Pemerintah makin serius untuk membatasi pembangunan pabrik pengolahan dan pemurnian mineral (smelter) nikel berteknologi Rotary Kiln Electric Furnace (RKEF). Langkah ini seiring berlebihnya produksi nickel pig iron (NPI) atau feronikel yang menyebabkan harganya makin tertekan.
Pembahasan moratorium pengadaan smelter RKEF kini telah menjadi pengkajian khusus di bawah Kementerian Koordinator Bidang Kemaritiman dan Investasi.
Staf Khusus Menteri ESDM Bidang Percepatan Tata Kelola Mineral dan Batu Bara (Minerba), Irwandy Arif, menyampaikan laju produksi NPI saat ini meningkatkan konsumsi bijih nikel yang signifikan untuk memeroleh bijih nikel saprolit kadar tinggi 1,5%-3%.

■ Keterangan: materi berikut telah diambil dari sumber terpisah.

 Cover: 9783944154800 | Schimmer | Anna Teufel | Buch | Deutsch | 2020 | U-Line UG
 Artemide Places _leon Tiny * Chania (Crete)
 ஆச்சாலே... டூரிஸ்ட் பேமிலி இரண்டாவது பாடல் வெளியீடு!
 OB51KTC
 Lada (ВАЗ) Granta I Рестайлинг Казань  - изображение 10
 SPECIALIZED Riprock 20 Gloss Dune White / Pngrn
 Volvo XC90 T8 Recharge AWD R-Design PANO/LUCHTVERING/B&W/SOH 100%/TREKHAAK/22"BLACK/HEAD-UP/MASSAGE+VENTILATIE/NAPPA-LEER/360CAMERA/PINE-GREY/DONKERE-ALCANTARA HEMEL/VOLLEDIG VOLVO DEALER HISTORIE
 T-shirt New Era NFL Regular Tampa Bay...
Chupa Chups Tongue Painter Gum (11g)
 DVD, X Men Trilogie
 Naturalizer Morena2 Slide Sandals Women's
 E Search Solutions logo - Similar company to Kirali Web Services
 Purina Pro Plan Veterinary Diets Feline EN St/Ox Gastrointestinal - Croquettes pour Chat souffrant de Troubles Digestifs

Komoditas nikel mentah jenis ini biasanya diolah untuk menghasilkan NPI dan feronikel sebagai bahan baku komoditas besi dan baja anti karat.
Irwandy menjelaskan, serapan bijih nikel untuk memproduksi NPI dan feronikel saat ini mencapai 100 juga hingga 160 juta ton per tahun. Besaran ini akan bengkak menjadi 450 juta ton per tahun jika pembangunan smelter RKEF masih diteruskan. Di sisi lain, cadangan bijih nikel Indonesia hanya 5,2 miliar ton.

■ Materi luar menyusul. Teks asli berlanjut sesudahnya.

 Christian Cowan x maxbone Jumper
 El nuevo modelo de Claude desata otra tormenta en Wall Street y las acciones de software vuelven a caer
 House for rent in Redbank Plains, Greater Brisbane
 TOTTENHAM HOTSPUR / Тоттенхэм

"Perlu pembatasan penambahan investasi smelter NPI dan pengembangan pasar dan industri domestik barang besi dan baja anti karat untuk menyerap NPI dan feronikel," kata Irwandy saat menjadi pembicara pada diskusi Peningkatan Kapasitas Media Sektor Minerba di Hotel Ashley Jakarta pada Rabu (8/3).
Dia menilai, pemerintah perlu meningkatkan eksplorasi untuk cadangan nikel, khususnya pada bijih nikel saprolit. Alasannya, tanpa upaya eksplorasi dan penemuan cadangan baru maka pasokan suplai bijih nikel dalam negeri terancam.
"Cadangan hanya 5,2 miliar ton. Dengan serapan smelter yang demikian bayangkan cepat habis kalau tidak ada penemuan cadangan baru," ujar Irwandy.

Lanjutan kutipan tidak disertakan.